* [EXERCISE DETAILS]: Print the whole listing exactly as it appears, but skip the pictures.

* [DATA BELOW]:
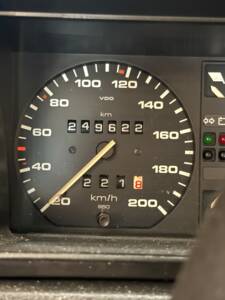 Immagine 12/27 di Volkswagen Golf Mk II 1.6 (1991)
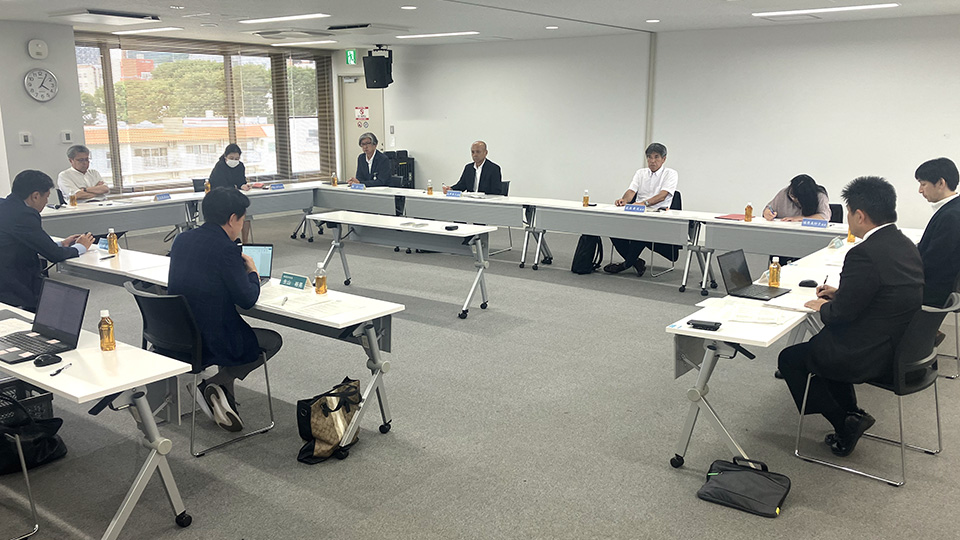 番組審議会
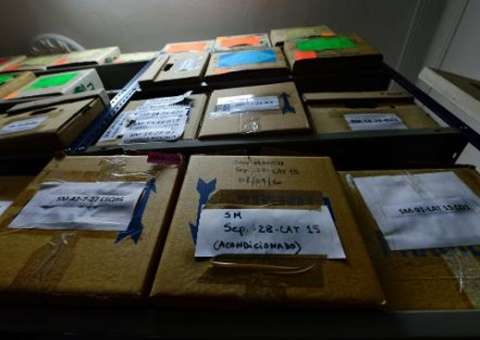 Arquivos secretos da ditadura argentina são liberados ao público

* [RESPONSE AREA]:
 Immagine 12/27 di Volkswagen Golf Mk II 1.6 (1991)
 番組審議会
 Arquivos secretos da ditadura argentina são liberados ao público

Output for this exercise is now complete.